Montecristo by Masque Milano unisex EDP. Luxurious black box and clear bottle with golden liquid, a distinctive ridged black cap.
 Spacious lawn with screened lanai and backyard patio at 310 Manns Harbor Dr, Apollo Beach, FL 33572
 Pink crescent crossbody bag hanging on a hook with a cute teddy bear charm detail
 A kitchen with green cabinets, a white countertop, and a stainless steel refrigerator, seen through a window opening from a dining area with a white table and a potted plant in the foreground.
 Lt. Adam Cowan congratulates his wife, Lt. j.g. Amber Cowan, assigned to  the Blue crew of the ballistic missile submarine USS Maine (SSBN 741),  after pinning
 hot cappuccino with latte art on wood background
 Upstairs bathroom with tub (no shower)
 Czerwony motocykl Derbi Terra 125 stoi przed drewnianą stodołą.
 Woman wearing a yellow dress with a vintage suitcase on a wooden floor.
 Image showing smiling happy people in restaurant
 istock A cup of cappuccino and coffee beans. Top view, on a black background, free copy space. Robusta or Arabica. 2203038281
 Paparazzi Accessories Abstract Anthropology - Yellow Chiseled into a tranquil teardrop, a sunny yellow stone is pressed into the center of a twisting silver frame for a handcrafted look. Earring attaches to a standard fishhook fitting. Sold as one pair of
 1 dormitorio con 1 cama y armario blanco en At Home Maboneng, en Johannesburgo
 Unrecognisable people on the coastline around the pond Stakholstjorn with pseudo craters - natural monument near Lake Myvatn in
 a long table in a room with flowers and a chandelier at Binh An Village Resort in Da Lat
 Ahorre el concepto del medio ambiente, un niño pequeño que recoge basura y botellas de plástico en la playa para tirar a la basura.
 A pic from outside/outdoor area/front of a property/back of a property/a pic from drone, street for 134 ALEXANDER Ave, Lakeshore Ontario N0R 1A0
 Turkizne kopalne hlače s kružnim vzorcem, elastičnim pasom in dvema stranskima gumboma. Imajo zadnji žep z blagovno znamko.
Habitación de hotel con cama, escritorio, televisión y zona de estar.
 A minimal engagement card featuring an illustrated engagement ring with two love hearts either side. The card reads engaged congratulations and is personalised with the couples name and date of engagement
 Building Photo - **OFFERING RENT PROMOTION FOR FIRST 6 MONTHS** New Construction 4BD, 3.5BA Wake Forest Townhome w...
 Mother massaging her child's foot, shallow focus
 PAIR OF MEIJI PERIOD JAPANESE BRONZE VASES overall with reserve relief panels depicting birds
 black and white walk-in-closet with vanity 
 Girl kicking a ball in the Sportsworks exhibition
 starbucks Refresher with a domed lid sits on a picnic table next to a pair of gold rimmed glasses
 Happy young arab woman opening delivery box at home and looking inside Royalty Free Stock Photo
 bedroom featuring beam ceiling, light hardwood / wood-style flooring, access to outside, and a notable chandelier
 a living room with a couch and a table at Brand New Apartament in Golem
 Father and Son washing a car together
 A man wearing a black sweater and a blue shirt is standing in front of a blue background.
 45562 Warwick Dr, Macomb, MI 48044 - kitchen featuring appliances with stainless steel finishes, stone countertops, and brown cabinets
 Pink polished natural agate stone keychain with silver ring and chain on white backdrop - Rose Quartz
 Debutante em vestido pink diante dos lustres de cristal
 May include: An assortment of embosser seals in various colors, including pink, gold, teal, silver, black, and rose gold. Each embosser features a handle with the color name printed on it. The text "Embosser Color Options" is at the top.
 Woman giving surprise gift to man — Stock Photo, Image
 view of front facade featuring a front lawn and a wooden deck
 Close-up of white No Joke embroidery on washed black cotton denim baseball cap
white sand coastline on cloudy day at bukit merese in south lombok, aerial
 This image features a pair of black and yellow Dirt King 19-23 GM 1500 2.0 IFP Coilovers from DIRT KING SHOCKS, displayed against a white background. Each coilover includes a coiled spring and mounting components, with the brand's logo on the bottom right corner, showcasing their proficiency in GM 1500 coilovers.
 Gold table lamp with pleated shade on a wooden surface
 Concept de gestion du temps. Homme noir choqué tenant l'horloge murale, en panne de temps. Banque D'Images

### What you need to do:
Reproduce the material exactly. Every line must match.

### Written reply:
Montecristo by Masque Milano unisex EDP. Luxurious black box and clear bottle with golden liquid, a distinctive ridged black cap.
 Spacious lawn with screened lanai and backyard patio at 310 Manns Harbor Dr, Apollo Beach, FL 33572
 Pink crescent crossbody bag hanging on a hook with a cute teddy bear charm detail
 A kitchen with green cabinets, a white countertop, and a stainless steel refrigerator, seen through a window opening from a dining area with a white table and a potted plant in the foreground.
 Lt. Adam Cowan congratulates his wife, Lt. j.g. Amber Cowan, assigned to  the Blue crew of the ballistic missile submarine USS Maine (SSBN 741),  after pinning
 hot cappuccino with latte art on wood background
 Upstairs bathroom with tub (no shower)
 Czerwony motocykl Derbi Terra 125 stoi przed drewnianą stodołą.
 Woman wearing a yellow dress with a vintage suitcase on a wooden floor.
 Image showing smiling happy people in restaurant
 istock A cup of cappuccino and coffee beans. Top view, on a black background, free copy space. Robusta or Arabica. 2203038281
 Paparazzi Accessories Abstract Anthropology - Yellow Chiseled into a tranquil teardrop, a sunny yellow stone is pressed into the center of a twisting silver frame for a handcrafted look. Earring attaches to a standard fishhook fitting. Sold as one pair of
 1 dormitorio con 1 cama y armario blanco en At Home Maboneng, en Johannesburgo
 Unrecognisable people on the coastline around the pond Stakholstjorn with pseudo craters - natural monument near Lake Myvatn in
 a long table in a room with flowers and a chandelier at Binh An Village Resort in Da Lat
 Ahorre el concepto del medio ambiente, un niño pequeño que recoge basura y botellas de plástico en la playa para tirar a la basura.
 A pic from outside/outdoor area/front of a property/back of a property/a pic from drone, street for 134 ALEXANDER Ave, Lakeshore Ontario N0R 1A0
 Turkizne kopalne hlače s kružnim vzorcem, elastičnim pasom in dvema stranskima gumboma. Imajo zadnji žep z blagovno znamko.
Habitación de hotel con cama, escritorio, televisión y zona de estar.
 A minimal engagement card featuring an illustrated engagement ring with two love hearts either side. The card reads engaged congratulations and is personalised with the couples name and date of engagement
 Building Photo - **OFFERING RENT PROMOTION FOR FIRST 6 MONTHS** New Construction 4BD, 3.5BA Wake Forest Townhome w...
 Mother massaging her child's foot, shallow focus
 PAIR OF MEIJI PERIOD JAPANESE BRONZE VASES overall with reserve relief panels depicting birds
 black and white walk-in-closet with vanity 
 Girl kicking a ball in the Sportsworks exhibition
 starbucks Refresher with a domed lid sits on a picnic table next to a pair of gold rimmed glasses
 Happy young arab woman opening delivery box at home and looking inside Royalty Free Stock Photo
 bedroom featuring beam ceiling, light hardwood / wood-style flooring, access to outside, and a notable chandelier
 a living room with a couch and a table at Brand New Apartament in Golem
 Father and Son washing a car together
 A man wearing a black sweater and a blue shirt is standing in front of a blue background.
 45562 Warwick Dr, Macomb, MI 48044 - kitchen featuring appliances with stainless steel finishes, stone countertops, and brown cabinets
 Pink polished natural agate stone keychain with silver ring and chain on white backdrop - Rose Quartz
 Debutante em vestido pink diante dos lustres de cristal
 May include: An assortment of embosser seals in various colors, including pink, gold, teal, silver, black, and rose gold. Each embosser features a handle with the color name printed on it. The text "Embosser Color Options" is at the top.
 Woman giving surprise gift to man — Stock Photo, Image
 view of front facade featuring a front lawn and a wooden deck
 Close-up of white No Joke embroidery on washed black cotton denim baseball cap
white sand coastline on cloudy day at bukit merese in south lombok, aerial
 This image features a pair of black and yellow Dirt King 19-23 GM 1500 2.0 IFP Coilovers from DIRT KING SHOCKS, displayed against a white background. Each coilover includes a coiled spring and mounting components, with the brand's logo on the bottom right corner, showcasing their proficiency in GM 1500 coilovers.
 Gold table lamp with pleated shade on a wooden surface
 Concept de gestion du temps. Homme noir choqué tenant l'horloge murale, en panne de temps. Banque D'Images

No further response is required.